Codependent No More introduced the word "codependent" to the wider world. The term "'codependent" originated as a term to describe people who use relationships with others as their sole source of value and identity. These people often end up in relationships with either drug addicted or alcohol addicted spouses or lovers. In the book, Beattie explains that a codependent is a person who believes their happiness is derived from other people or one person in particular, and eventually the codependent becomes obsessed with controlling the behavior of the people/person that they believe is making them happy.

Similar to Bill Wilson's Alcoholics Anonymous five decades earlier, Beattie's early work took the previously complex object relations and interpersonal theories of psychological theorists like Heinz Kohut, Wilfred Bion and Otto Kernberg and put them in language the average reader could easily grasp.

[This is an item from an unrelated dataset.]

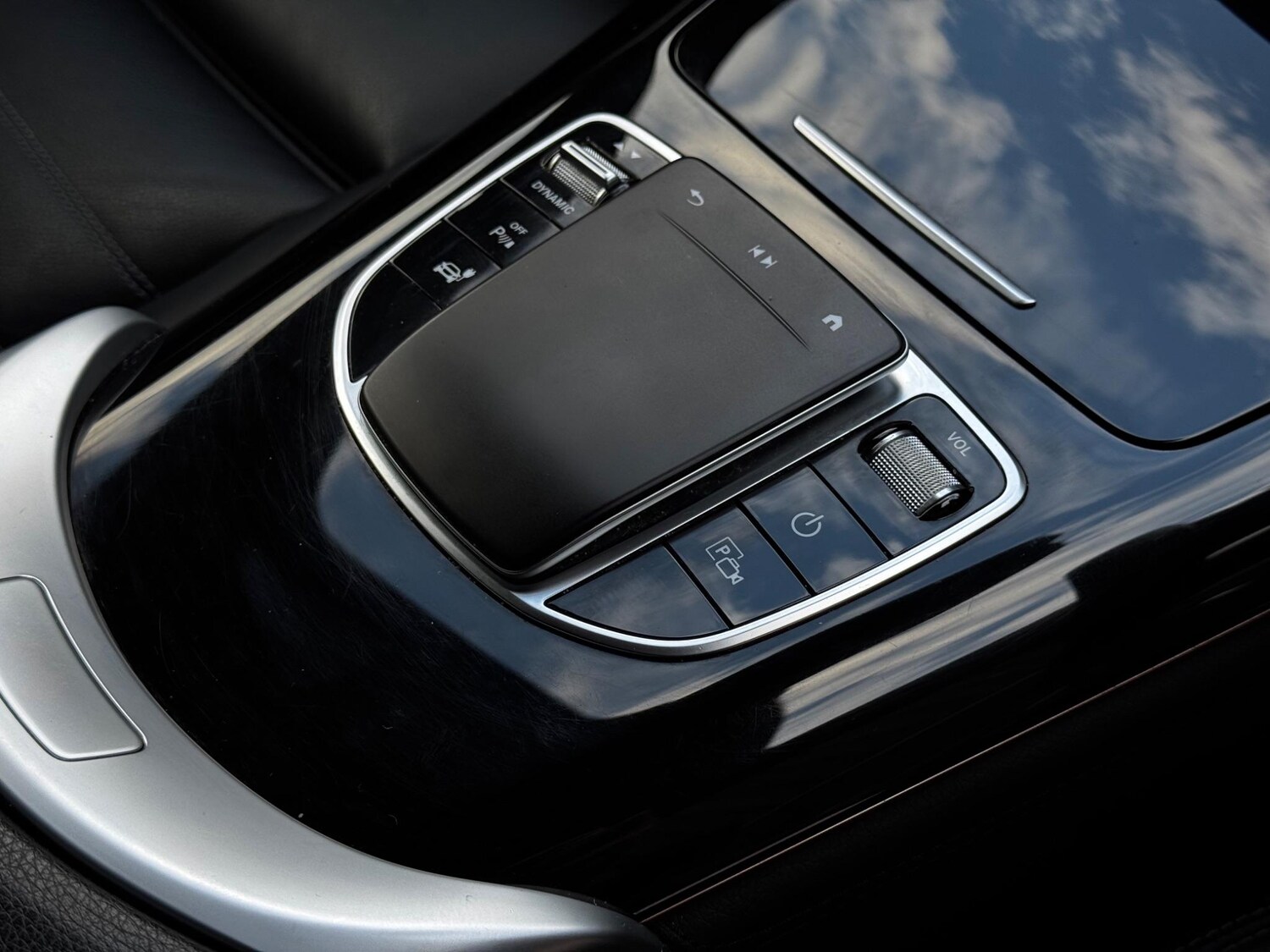 Used Mercedes-Benz EQC 2022 for sale - 76562526: Photo 46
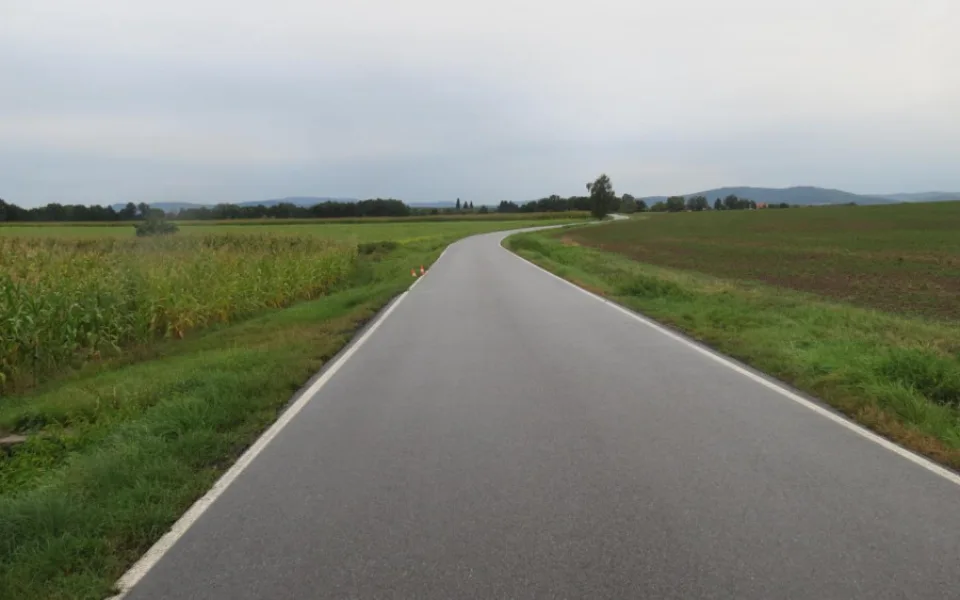 Muž srazil osvětleného cyklistu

The book also re-phrased many of the notions expressed in the Al-Anon Twelve-step program movement into more modern language, and made the notion of addiction to a person (who was addicted to a substance or a behavioral process) part of the western cultural lexicon.

Codependent No More was preceded by professional literature like Timmen Cermak's Diagnosing and Treating Co-Dependence, but Beattie's book was the first "big book", on the subject, and paved the way for a new Twelve-step take-off program, called Co-Dependents Anonymous. "CoDA" has a conference-approved, AA-like, "big book" of its own. Beattie's works continue to be staples in the CoDA meeting rooms.

Co-Dependents Anonymous has influenced over a million people, and is increasingly "prescribed" by members of the professional mental health community as a self-help adjunct treatment for marital, family of origin and other relationship difficulties well beyond involvement with practicing substance or process abusers.[citation needed]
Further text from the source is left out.